Certains voyageurs à vélo ne jurent que par les routes bien propres et bien lisses, fuyant les très inconfortables pistes… de tels voyageurs, en Lituanie, sont alors très vite limités dans leur choix : ne restent pour eux guère plus que les nationales qui puissent convenir à leur choix de confort, dans l’attente des futures réfactions de réseaux plus denses élargis aux départementales et autres plus petites routes.

Nous en avons rencontré, et il faut bien admettre que les discussions tournent alors souvent court : les atomes ne crochent pas, les charges électriques semblent même parfois se repousser, bref, les aspirations sont simplement autres. La démarche n’est alors pas la même : les uns ont à cœur de faire tourner les jambes et le compteur, les autres, de provoquer la diversité et de remplir des carnets.
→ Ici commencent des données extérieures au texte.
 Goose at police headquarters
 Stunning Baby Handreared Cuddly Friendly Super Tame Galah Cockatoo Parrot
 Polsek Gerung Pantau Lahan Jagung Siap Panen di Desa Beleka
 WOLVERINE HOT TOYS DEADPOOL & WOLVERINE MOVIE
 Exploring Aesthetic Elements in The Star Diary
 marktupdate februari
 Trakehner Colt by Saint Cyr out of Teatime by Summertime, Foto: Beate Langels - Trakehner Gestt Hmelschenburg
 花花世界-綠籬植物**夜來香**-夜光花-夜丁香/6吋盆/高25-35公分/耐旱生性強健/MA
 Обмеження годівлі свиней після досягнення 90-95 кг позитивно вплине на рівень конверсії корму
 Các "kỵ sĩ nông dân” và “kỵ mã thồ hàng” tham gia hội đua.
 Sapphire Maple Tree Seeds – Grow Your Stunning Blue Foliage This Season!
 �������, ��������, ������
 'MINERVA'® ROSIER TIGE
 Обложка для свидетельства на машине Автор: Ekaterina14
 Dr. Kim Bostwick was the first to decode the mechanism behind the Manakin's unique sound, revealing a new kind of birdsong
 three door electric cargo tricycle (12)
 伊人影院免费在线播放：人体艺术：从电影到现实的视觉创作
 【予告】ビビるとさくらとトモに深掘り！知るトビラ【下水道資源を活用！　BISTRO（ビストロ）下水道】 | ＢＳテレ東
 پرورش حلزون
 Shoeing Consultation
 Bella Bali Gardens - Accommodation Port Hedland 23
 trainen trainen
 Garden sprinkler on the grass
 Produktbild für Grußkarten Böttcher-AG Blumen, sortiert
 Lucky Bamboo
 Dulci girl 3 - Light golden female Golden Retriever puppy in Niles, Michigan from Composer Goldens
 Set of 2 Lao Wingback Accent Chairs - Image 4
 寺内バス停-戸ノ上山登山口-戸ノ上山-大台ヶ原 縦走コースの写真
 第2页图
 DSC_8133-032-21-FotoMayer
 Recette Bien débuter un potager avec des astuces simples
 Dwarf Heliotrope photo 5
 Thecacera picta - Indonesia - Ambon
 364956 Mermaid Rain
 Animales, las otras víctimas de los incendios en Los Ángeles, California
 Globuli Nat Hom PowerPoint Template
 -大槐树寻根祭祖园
Les moteurs sont simplement différents.

Lors de ces confrontations, une certaine tendance semble se dessiner : il semblerait (au risque de provoquer une levée de boucliers), que la vitesse soit inversement proportionnelle à la densité de découverte…

… et c’est en tout cas bien l’idée partagée par certains voyageurs tout à fait inhabituels que nous avons croisés :
‘wir lassen den Stau hinter uns’ (traduction ‘nous laissons les bouchons derrière nous’ (le site existe aussi en français (mais la traduction est souvent approximative...)), couple de retraités allemands en vadrouille à travers toute l’Europe à bord… d’un tracteur quasi millénaire et d’une roulotte.




Aurez-vous d’ailleurs lu ‘Die Entdeckung der Langsamkeit ?’ (la découverte de la lenteur)… ce livre de l’auteur allemand Sten Nadolny fut également traduit en français.

La lenteur… tout un univers à redécouvrir.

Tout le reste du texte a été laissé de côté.